The concentric cavities can also be referred to as concentric chambers or concentric spaces, where the spiral-shaped channels are located. The concentric enclosures and concentric cavities can be referred to throughout the description as simply enclosures or cavities.

The spiral-shaped channels according to the present invention may connect each concentric enclosure with the next concentric enclosure, so that the only way for the fluid to flow is through the spiral-shaped channels.

The spiral-shaped channels can be also referred to throughout the present description as channels, and the spiral-shaped walls can also be referred to as walls.

According to an embodiment, the plurality of spiral-shaped channels in each concentric cavity extend parallel to each other so as to define one single spiral formation. The plurality of spiral-shaped channels preferably extend around a vertical axis, and the channels in each concentric cavity run preferably parallel and in contact with each other, so that they occupy the total space in the cavity and define a single spiral formation.

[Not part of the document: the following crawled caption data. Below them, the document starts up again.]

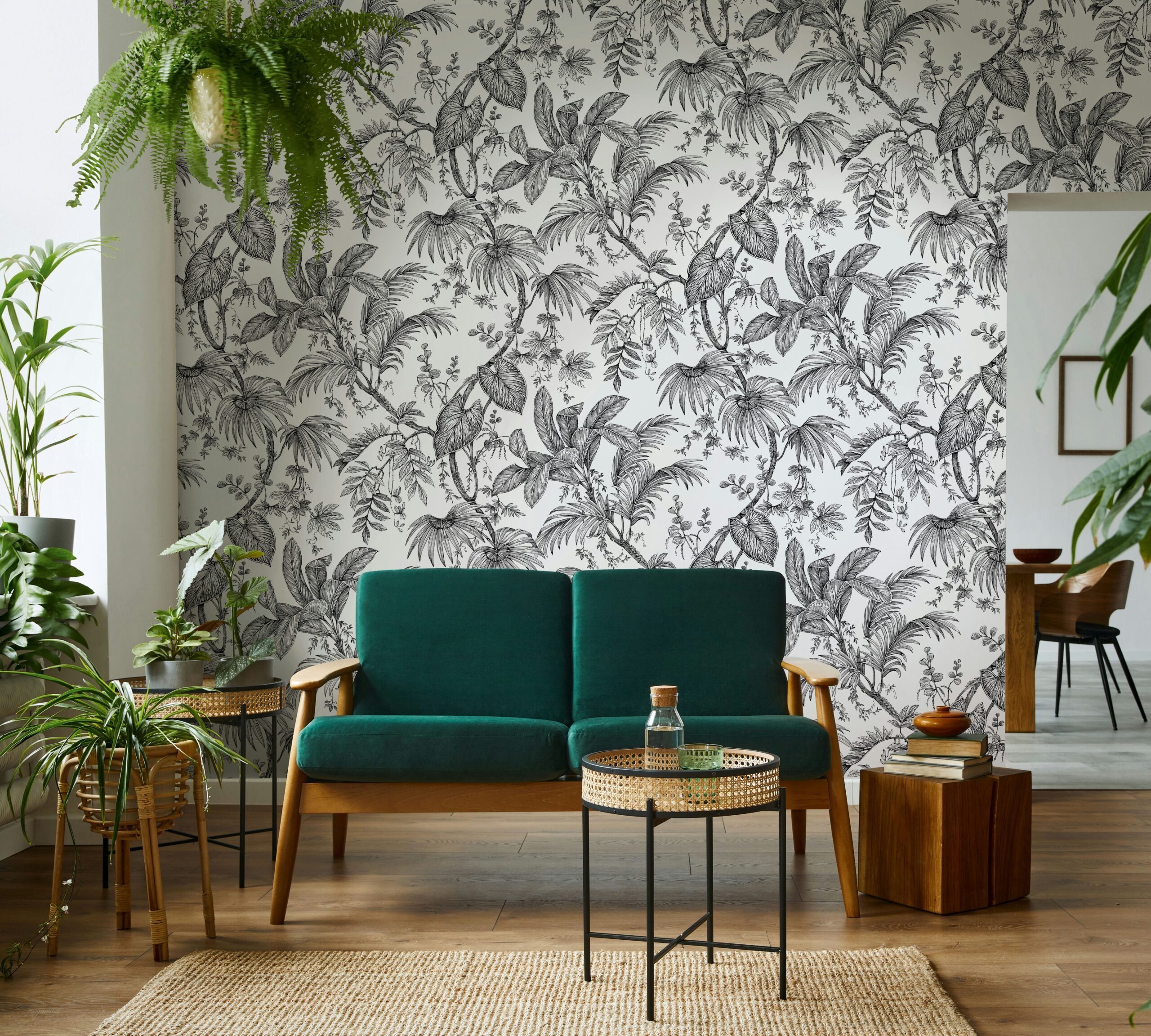 Marburg Fototapete Botanical Jungle, botanisch, moderne Tapete für Wohnzimmer Schlafzimmer Küche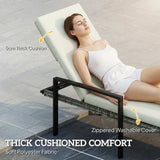Chaise Lounge Chairs Outdoor, Set of 2 Wicker Patio Lounge Chairs with 5-Level Adjustable Backrest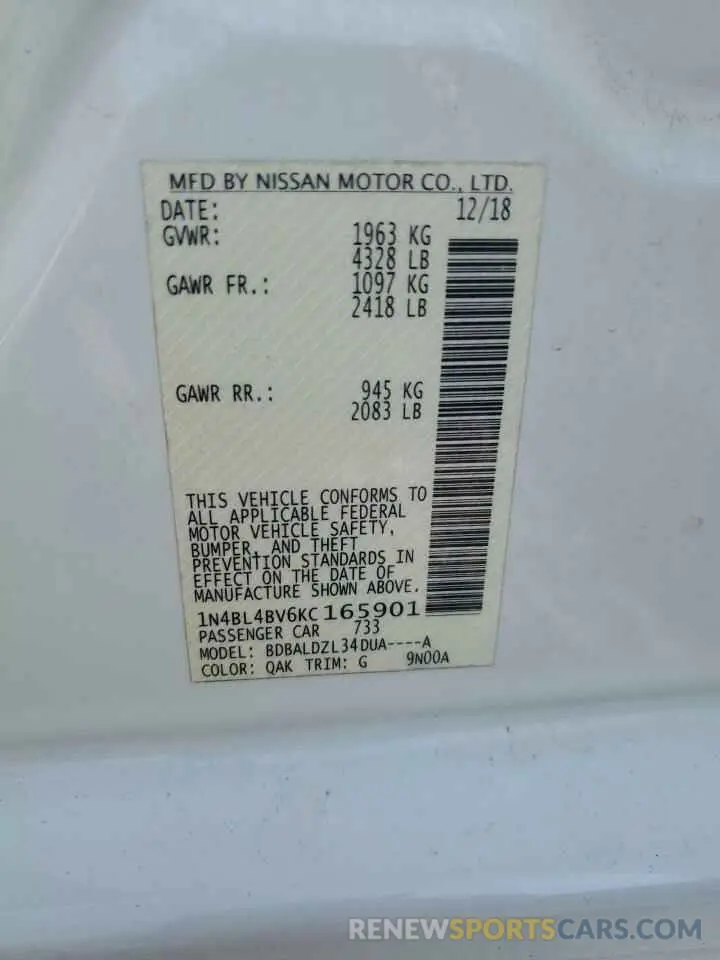 12 fotografías del automóvil dañado 1N4BL4BV6KC165901 NISSAN ALTIMA 2019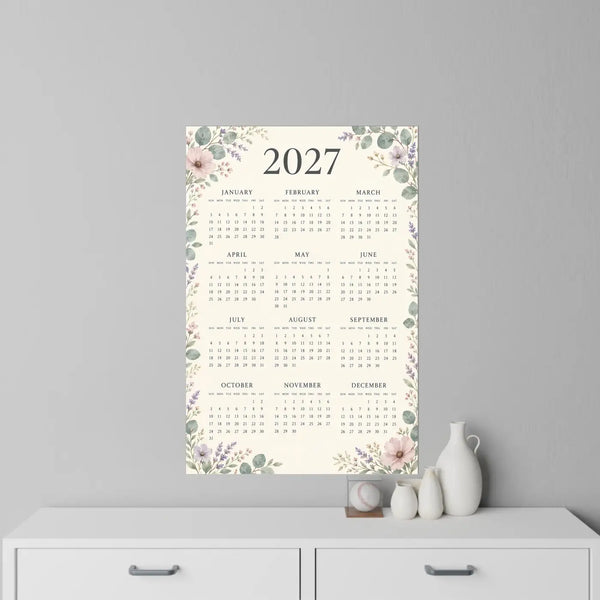 Vintage floral 2027 calendar wall decal by DipaliZ in faded botanical tones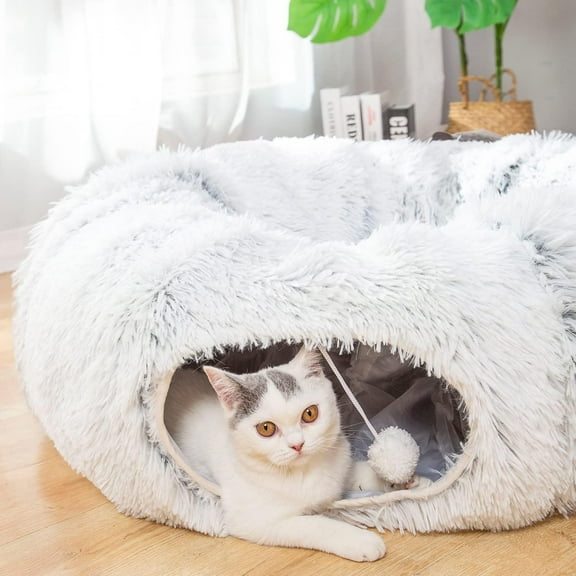 Collapsible Plush Cat Tunnel Bed with Fluffy Toy Ball, Cozy Donut Cave for Indoor Cats, Kittens, Puppies, Rabbits, and Ferrets, Gray
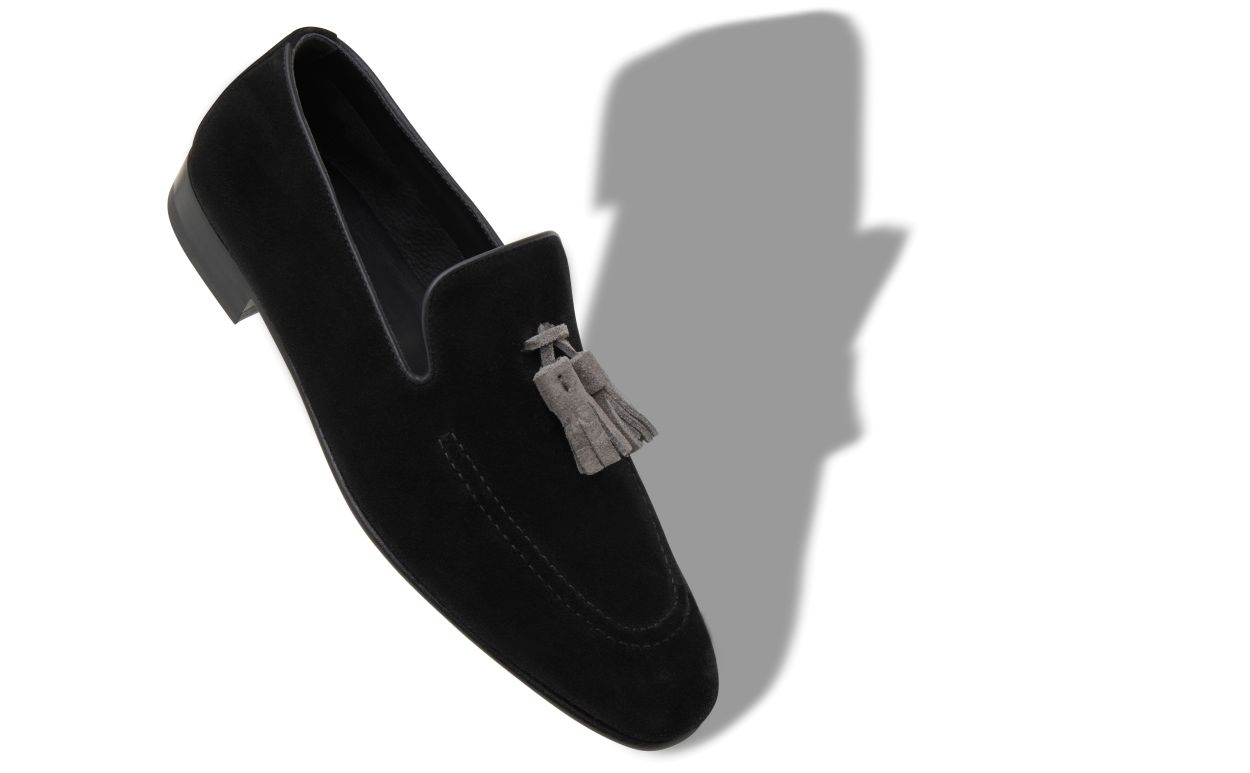 Designer Black Suede Tassel Detail Loafers - Image small_image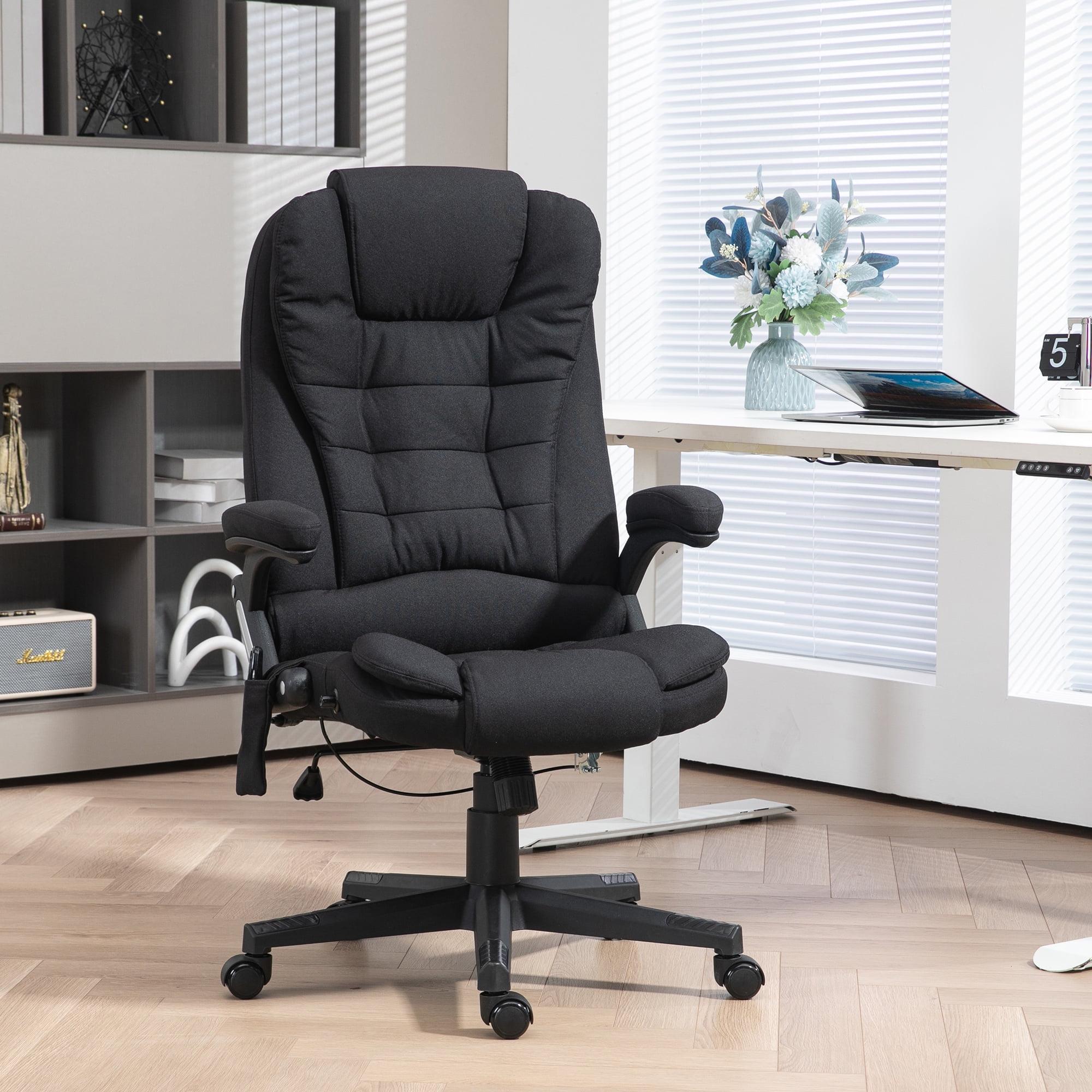 Vinsetto 6 Point Vibrating Massage Office Chair with Heat, Linen High Back Executive Office Chair with Reclining Backrest, Armrests, Black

According to an embodiment, the lower section of the separation device comprises a redirecting chamber located below the at least three concentric enclosures, the redirecting chamber being configured to allow the fluid to switch from a downward flow through the plurality of spiral-shaped channels of the outermost cavity, to an upward flow through the plurality of spiral-shaped channels of the at least one inner cavity.

Fluid enters the separation device through an upper section of the outermost cavity. In the outermost cavity, fluid flows downwards through the spiral-shaped channels. When the fluid reaches a bottom area of the outermost cavity, that is, when it reaches a redirecting chamber which is a delimited space located below the at least three concentric enclosures, it switches direction, due to its own energy, and flows upwards through the spiral-shaped channels of the at least one inner cavity. In this at least one inner cavity, the solids will fall downwards, against the fluid flow, due to their higher density, by coming into contact with the walls of the channels and sliding down. The walls of the channels thus function as separation plates, such as the flat and straight separation plates known in the art. The fluid will become cleaner as it flows upwards, and clean liquid (water) will reach the upper section of the at least one inner cavity.

According to an embodiment, the lower section of the separation device comprises a solids collection chamber located below the at least three concentric enclosures and including the redirecting chamber, wherein the solids outlet is located in a bottom part of the solids collection chamber. The lower section refers to the section located below the concentric enclosures. The solids collection chamber collects the solids that separate from the fluid and slide down through the spiral-shaped channels of the cavities. An upper end of the solids collection chamber may be connected or affixed to the bottom of the outermost enclosure, thereby creating a space in the upper portion of the solids collection chamber, called the redirecting chamber, where the fluid which reaches the bottom of the outermost cavity can turn from a downward flow to an upward flow and continue to flow upwards through the spiral-shaped channels of the at least one inner cavity.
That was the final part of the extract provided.